| 1) Original Question & Solution | (Unit Five – Quadratic Functions & Equations: Skills Check, Question #5) |
| a) Original Question |  |
| b) Original Solution |  |
| c) Reflection | When I got the original solution, I was not aware that you needed to complete the square in order to find the final solution; I thought you could simply factor out the 5 and then get it into standard form but I soon discovered that it wasn’t possible because you would need a perfect square in order to get it into standard form. This was a broader conceptional error because I would have gotten the correct answer if I knew that the key component/ first step to getting the solution is to firstly start by completing the squares and not by factoring out the greatest common factor. |
| 2) Corrected Solution |  |
| a) Correct Solution | 1. The first step is complete the square; you would take 5x^2+20x (from the original question and factor out the 5 just from 5x^2+20x (not including the negative 10), so now you’re left with y=5(x^2+4x)-10.

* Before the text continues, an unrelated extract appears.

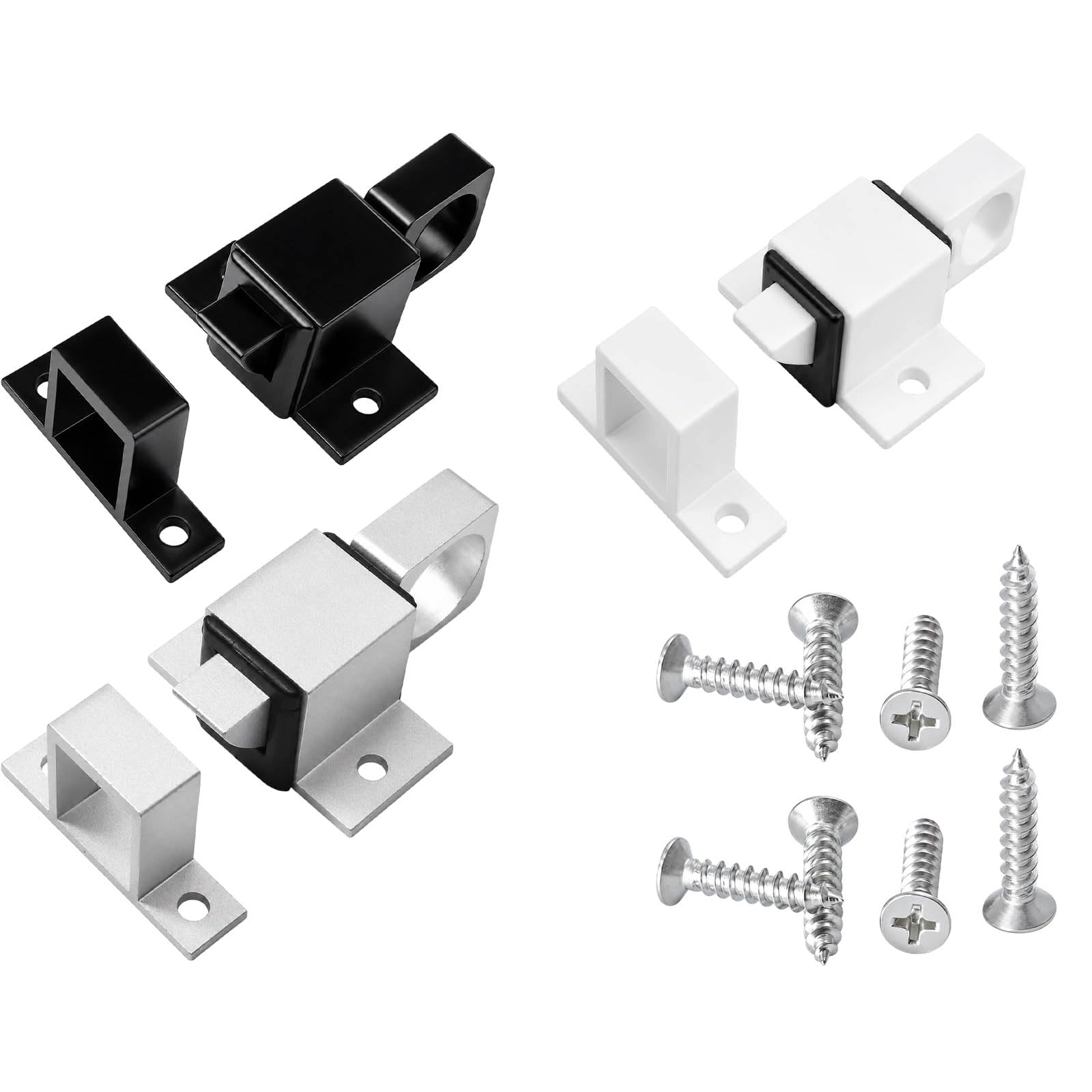 3-Piece Loft Hatch Catch Set, loft Hatch Lock, loft Hatch Latch, Spring-Back Latch Assortment (White, Black, Silver) with Stainless Steel Screws for Cabinets, Drawers and Lightweight Doors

2. Now, you need to completely complete the square; so, you would take the 2nd number factored in the bracket (in this case, 4) and multiply by ½ and then square it; (4 x ½) = 2^2 = 4. You’re now left with y=5(x^2+4x+4__)-10. 3. After, you have got to minus the value that you have just found inside the brackets as well (-4) because then it will balance it out making it equal, so that it won’t mess with the original values. Now, we’ve got y=5(x^2+4x+4-4)-10. 4. To complete the square, we have got to multiply the 5 by -4 to get it out of the bracket so we can form a perfect square; 5(x^2+4x+4)-20-10. 5. We are now able to simplify it by simplifying the numbers out of the bracket (-20-10) and forming the perfect square; we now will get the final solution, 5(x+2)^2-30. |
| 3) Core Competency Reflection | These past few mistakes as learning assignments have improved many of the core competencies; however, for this assignment specifically, my critical thinking has improved because it is needed to figure out each and every step and finding out exactly what I did wrong and finding the correct solution through each step, thoroughly by each detail; then, being able to teach it to someone by explaining my steps improved my understanding (even now). With that, I will also be analyzing my whole thought process and be able to see plenty of growth in my knowledge now. |